Peru’s Prime Minister, Alberto Otárola, and other cabinet members were received this Tuesday in the plenary session of Congress with shouts of “assassins” and calls for resignations from left-wing lawmakers, after a day of violent protests in south of the country which left at least 17 people dead
The protests against the president of Peru, Dina Boluarte, who has already left 40 dead in one month, They continued this Tuesday with roadblocks in six regions of the country as the new cabinet travels to Congress to ask for a vote of confidence in its investiture.
Otárola entered the Peruvian Parliament shortly after noon, where she planned to present the general lines of her management and ask the parliamentarians for a vote of confidence, as established by Peruvian law.
But, shortly after his entry, a dozen deputies they scolded him until they let him out of the room and the temporary suspension of the plenary session.
MPs shouted and displayed placards with slogans such as “resign, assassins”, “stop militarisation”, “cabinet of death” and “not one more dead”.
In the center of the hall, deputies from left-wing groups, the most critical of President Boluarte’s administration, placed a black flag with photographs of some of the demonstrators who died in the protests demanding the president’s resignation, the closure of Congress , early elections in 2023 and a new Constitution, among other demands.
marches and pickets
The epicenter of the protests is now the Aymara region of Puno, on the border with Bolivia, where there have been looting of business premises and attacks on police vehicles between Monday night and early Tuesday morning resulting in 18 deaths.
The indignation grows in the cities of Puno and Juliaca, in the south of the country, which have been on strike for a week and with businesses closed.
The Superintendency of Land Transportation of People, Goods and Goods reported 53 sections of highways with traffic interrupted by pickets in six regions: Puno, Cusco, Apurímac, Arequipa, Madre de Dios and Amazonas.

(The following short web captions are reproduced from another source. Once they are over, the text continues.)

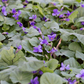 Garten-Duft-Veilchen 'Königin Charlotte'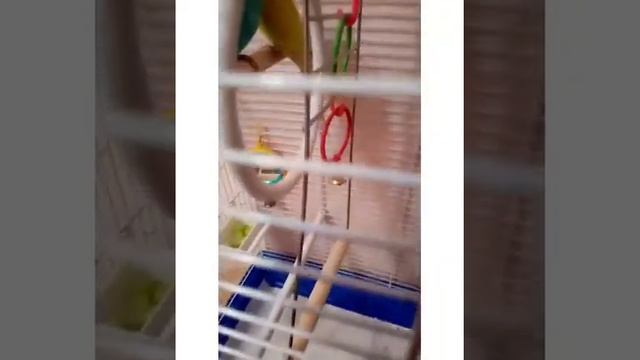 Что должно находиться в клетке у попугайчиков I смотреть онлайн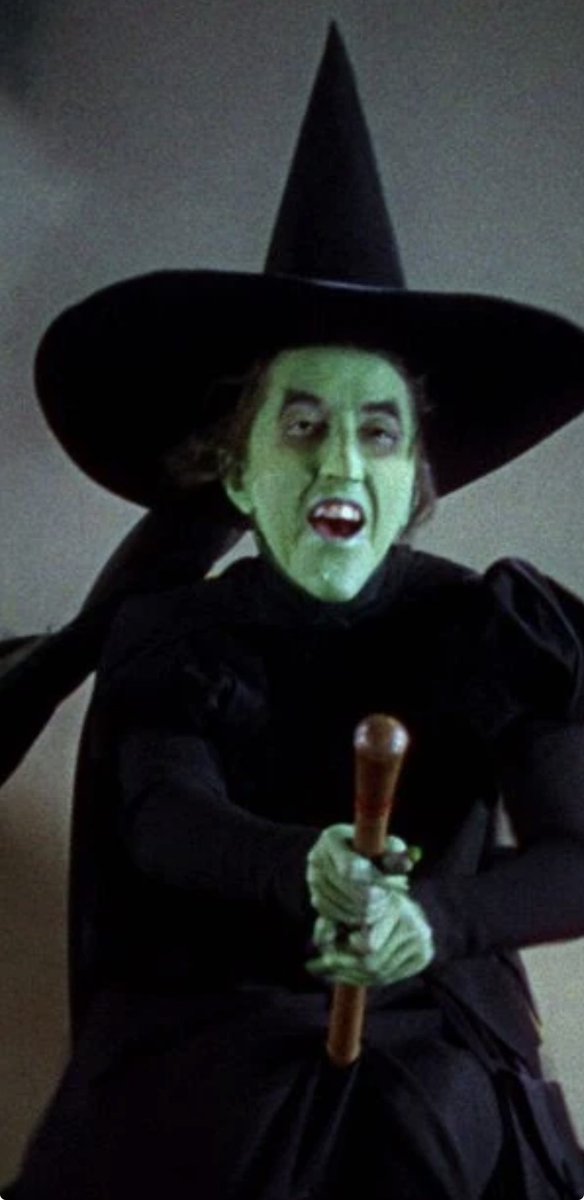 Liz Vallespir tweet media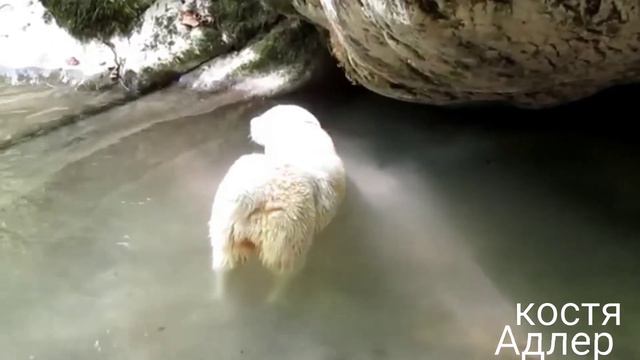 Дикая природа, субтропического Сочи!Wildlife, sub-tropical Sochi! смотреть онлайн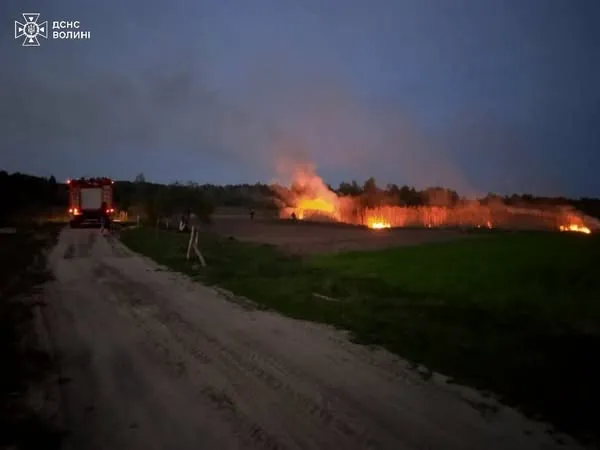 Суха трава, чагарники та очерет: на Волині вигоріли понад 2,5 га угідь (фото)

In the southern Andean region of Ayacucho, thousands of people marched through the streets of the city of Huamanga to demand the resignation of Dina Boluarte.
The violent crackdown by the police caused 14 deaths on Monday in repelling an attempted occupation of Juliaca airport, three died during a looting of a shopping center and one person was burned to death. The authorities are investigating whether it is a policeman or a civilian in this city located 1,300 km south of Lima.

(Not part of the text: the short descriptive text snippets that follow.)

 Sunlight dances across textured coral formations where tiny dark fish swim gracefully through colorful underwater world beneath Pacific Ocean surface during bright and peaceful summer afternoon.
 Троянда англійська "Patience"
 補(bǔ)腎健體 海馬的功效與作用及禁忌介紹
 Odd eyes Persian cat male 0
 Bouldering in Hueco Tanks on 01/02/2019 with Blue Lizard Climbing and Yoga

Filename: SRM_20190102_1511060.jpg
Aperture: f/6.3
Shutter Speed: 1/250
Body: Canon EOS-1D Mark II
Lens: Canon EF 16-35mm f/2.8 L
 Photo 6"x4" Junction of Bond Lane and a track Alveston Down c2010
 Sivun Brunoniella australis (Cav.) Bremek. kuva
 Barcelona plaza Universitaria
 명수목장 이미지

The government said the decisive action by the police and military guarding the airport was in response to “a coup” staged by thousands of protesters.

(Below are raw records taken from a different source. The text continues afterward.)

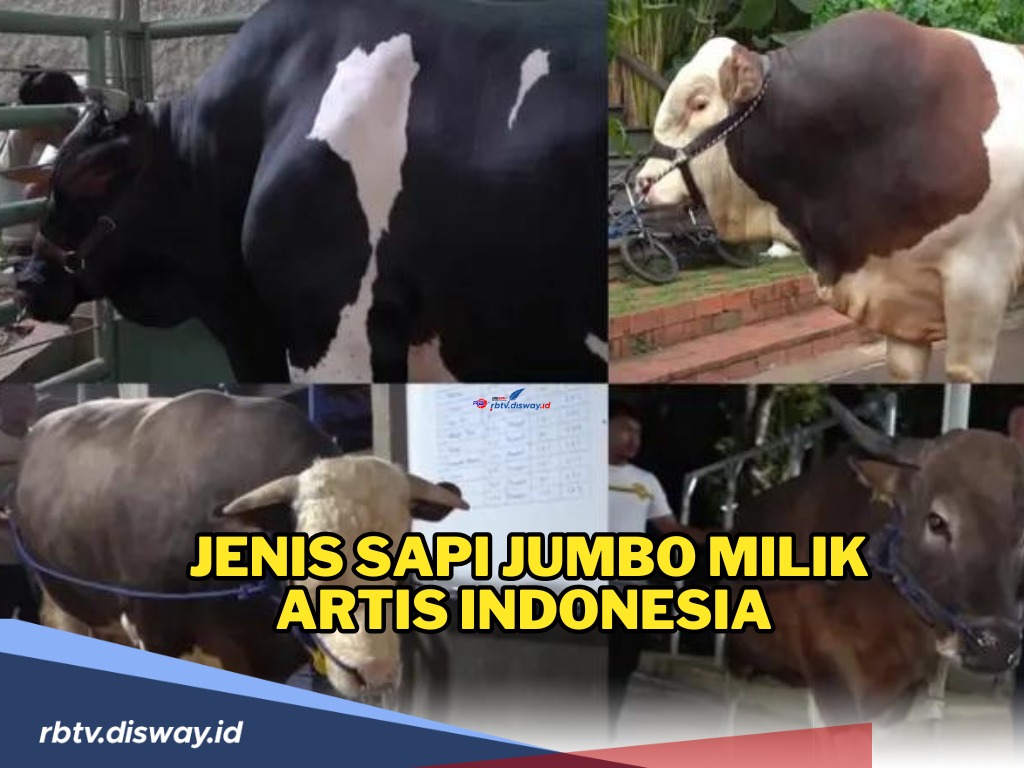 Ini Jenis Sapi Jumbo Milik Artis Indonesia yang Dikurbankan di Idul Adha 2024, Bobotnya Lebih dari 1 Ton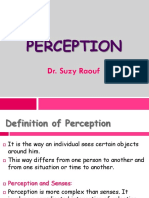 Understanding Perception: Factors That Shape How We See the World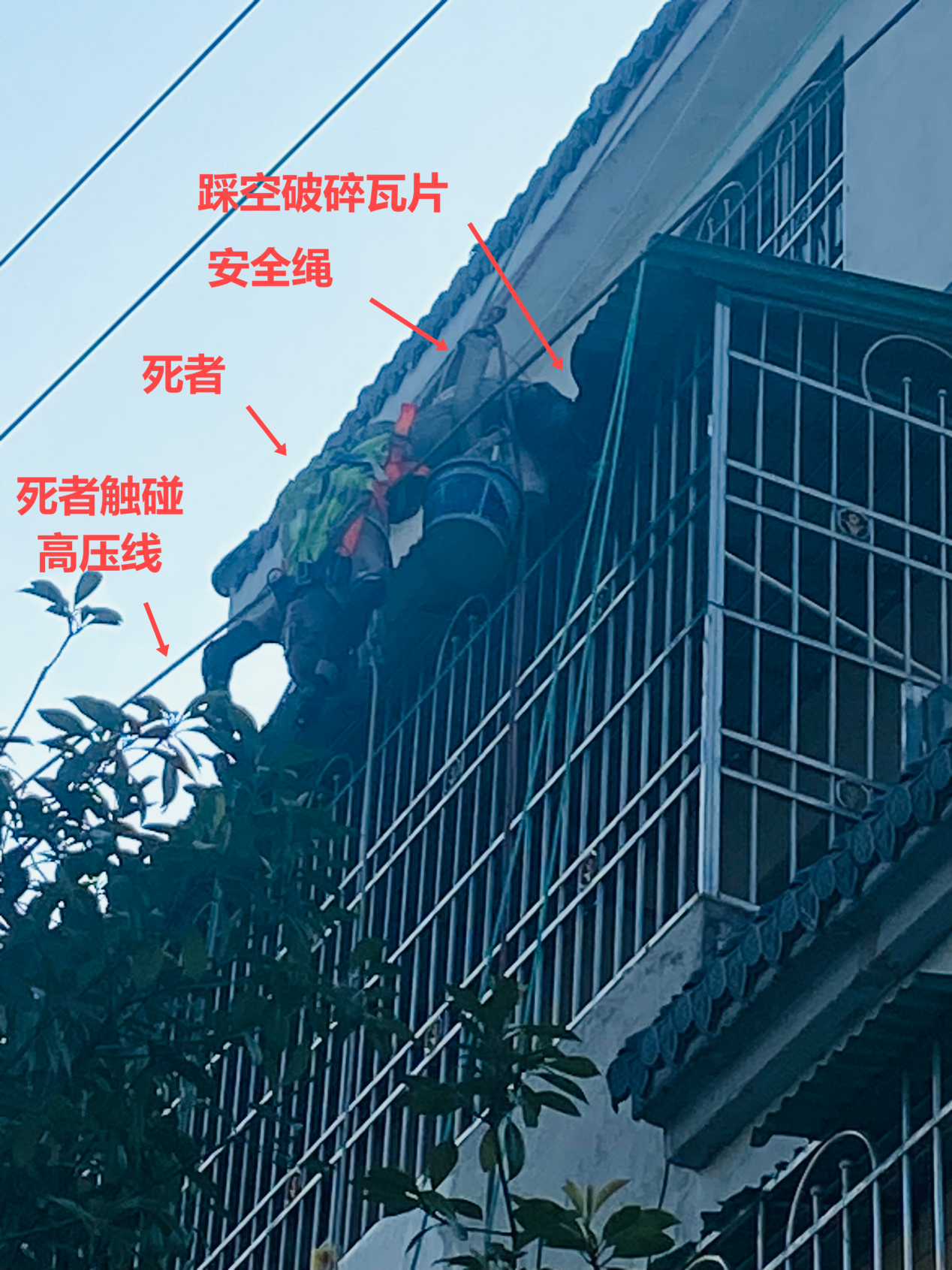 2024年11月29日下午2.png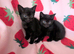 Very pretty kittens, wormed/flead/litter trained Prices vary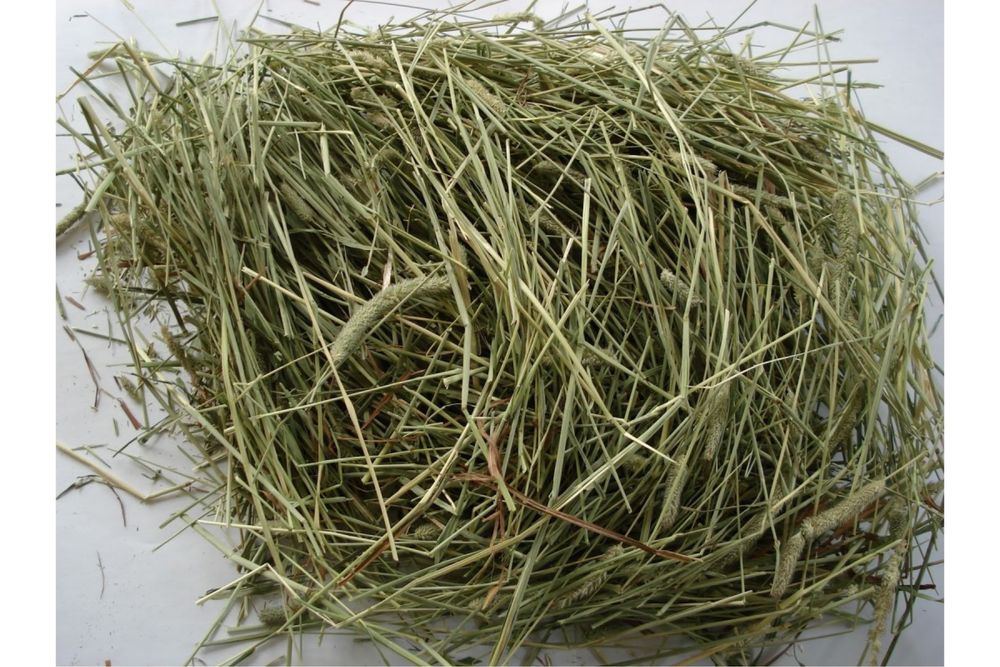 Продам хороше лугове сіно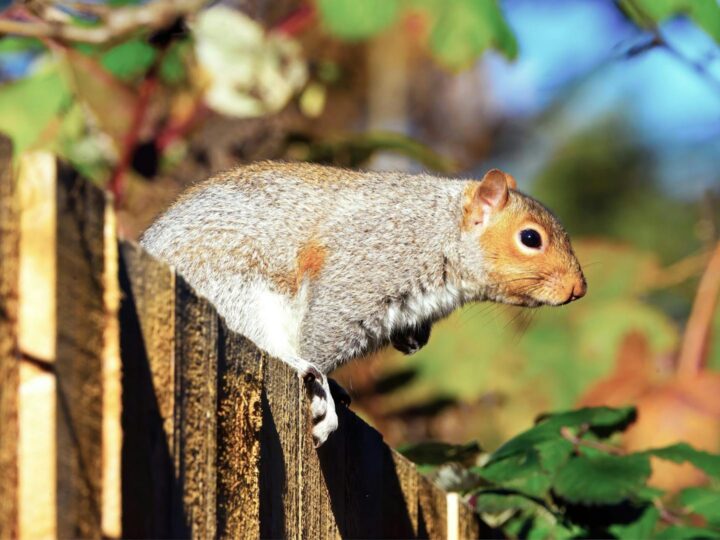 LES PETITS FERMIERS  Parc animalier et de loisirs  Lansargues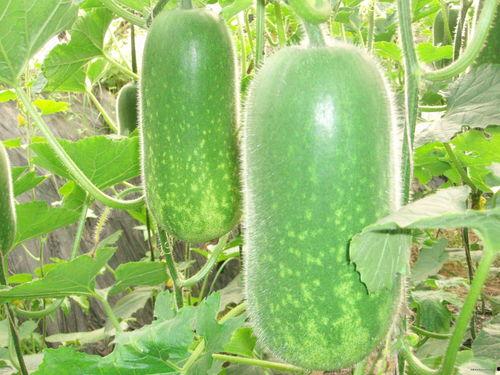 盐城大网红吃瓜事件,揭秘网络舆论的狂欢与反思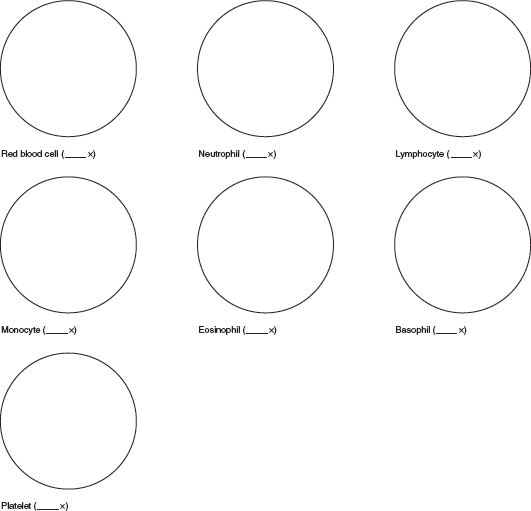 Solved: Sketch a single blood cell of each type in the followin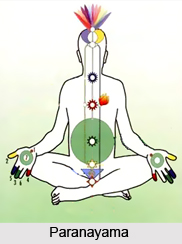 Role of Yoga Asana in Daily Life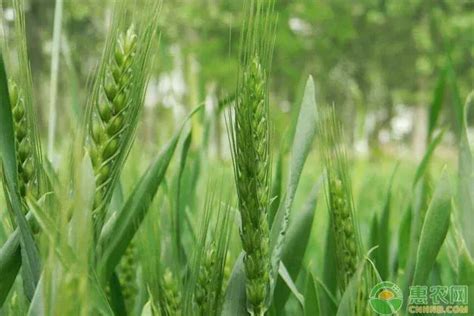 小麦哪些品种适合山东种植？（附山东小麦播种时间）_来源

“Today more than 9,000 people approached the Juliaca airport and about 2,000 of them began an all-out attack against police and facilities, using improvised weapons (improvised weapons) and double charges of gunpowder, creating a extreme situation”. chief of staff Alberto Otárola told the press on Monday evening.
The Catholic Church, the majority religion in Peru, has described the climate of violence in the south of the country as a “situation of war”.
“The truth is that we are in the hands of barbarism. The confrontation between brothers and sisters is much more painful, because we are part of a single society, a Peruvian family,” Cardinal and Archbishop of Huancayo, Pedro Barreto, told RPP radio. .
“The population wants peace, they want justice, they want fraternity, they want to put conflicts aside and there I think we must all invoke calm, serenity,” said the Jesuit priest, appointed cardinal by Pope Francis.
For its part, the regional government of Puno decreed this Tuesday three days of mourning for the deaths registered in the last few hours and asked for the resignation of the president.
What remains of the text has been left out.